▶ [Excerpted records]:
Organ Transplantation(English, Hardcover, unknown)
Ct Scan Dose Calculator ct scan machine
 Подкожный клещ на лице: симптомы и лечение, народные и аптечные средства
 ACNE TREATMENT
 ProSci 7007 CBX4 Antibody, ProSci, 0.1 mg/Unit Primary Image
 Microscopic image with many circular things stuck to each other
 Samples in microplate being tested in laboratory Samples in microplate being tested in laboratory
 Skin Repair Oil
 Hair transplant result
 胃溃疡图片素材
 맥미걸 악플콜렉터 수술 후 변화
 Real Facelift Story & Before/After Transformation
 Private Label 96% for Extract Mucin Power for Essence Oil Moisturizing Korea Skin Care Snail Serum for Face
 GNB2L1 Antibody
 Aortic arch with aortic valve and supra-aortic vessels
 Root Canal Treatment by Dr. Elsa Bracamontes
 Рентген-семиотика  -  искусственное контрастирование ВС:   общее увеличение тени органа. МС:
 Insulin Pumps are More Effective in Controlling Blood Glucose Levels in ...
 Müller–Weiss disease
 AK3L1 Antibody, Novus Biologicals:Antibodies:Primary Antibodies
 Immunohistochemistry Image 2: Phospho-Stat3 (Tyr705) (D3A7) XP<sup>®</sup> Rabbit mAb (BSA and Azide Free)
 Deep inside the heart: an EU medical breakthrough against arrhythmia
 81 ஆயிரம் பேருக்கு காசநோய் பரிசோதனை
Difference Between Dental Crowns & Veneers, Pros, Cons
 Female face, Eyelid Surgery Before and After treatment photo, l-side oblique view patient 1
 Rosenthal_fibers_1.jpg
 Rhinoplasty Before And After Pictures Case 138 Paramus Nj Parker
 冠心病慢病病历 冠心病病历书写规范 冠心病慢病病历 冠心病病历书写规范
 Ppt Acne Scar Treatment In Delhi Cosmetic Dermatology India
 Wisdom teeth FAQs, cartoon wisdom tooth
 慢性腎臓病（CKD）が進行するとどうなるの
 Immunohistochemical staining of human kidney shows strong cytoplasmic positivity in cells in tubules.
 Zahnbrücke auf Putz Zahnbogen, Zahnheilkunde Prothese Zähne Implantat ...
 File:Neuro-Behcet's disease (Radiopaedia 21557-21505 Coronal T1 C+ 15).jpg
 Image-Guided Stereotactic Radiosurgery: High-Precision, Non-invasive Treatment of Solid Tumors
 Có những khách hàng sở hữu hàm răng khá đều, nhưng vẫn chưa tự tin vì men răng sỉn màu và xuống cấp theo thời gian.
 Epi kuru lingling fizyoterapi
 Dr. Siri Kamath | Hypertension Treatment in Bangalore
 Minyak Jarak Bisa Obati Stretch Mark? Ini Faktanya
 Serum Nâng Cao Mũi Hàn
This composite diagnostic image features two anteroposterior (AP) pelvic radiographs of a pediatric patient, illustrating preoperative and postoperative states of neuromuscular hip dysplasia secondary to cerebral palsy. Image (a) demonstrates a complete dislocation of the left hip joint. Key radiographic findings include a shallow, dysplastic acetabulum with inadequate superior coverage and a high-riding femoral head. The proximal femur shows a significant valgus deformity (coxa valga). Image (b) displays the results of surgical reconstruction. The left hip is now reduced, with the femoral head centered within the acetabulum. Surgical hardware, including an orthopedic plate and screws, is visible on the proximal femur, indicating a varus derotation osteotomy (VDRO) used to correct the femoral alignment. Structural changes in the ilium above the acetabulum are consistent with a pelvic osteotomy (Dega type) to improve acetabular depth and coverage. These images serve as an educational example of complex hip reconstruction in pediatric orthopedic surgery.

▶ [Activity]:
Your answer should be the lines above, from the line containing "Dr. Siri Kamath" up to and including the line containing "Serum Nâng Cao Mũi Hàn", reproduced exactly and with nothing else.

▶ [Solution to the problem]:
 Dr. Siri Kamath | Hypertension Treatment in Bangalore
 Minyak Jarak Bisa Obati Stretch Mark? Ini Faktanya
 Serum Nâng Cao Mũi Hàn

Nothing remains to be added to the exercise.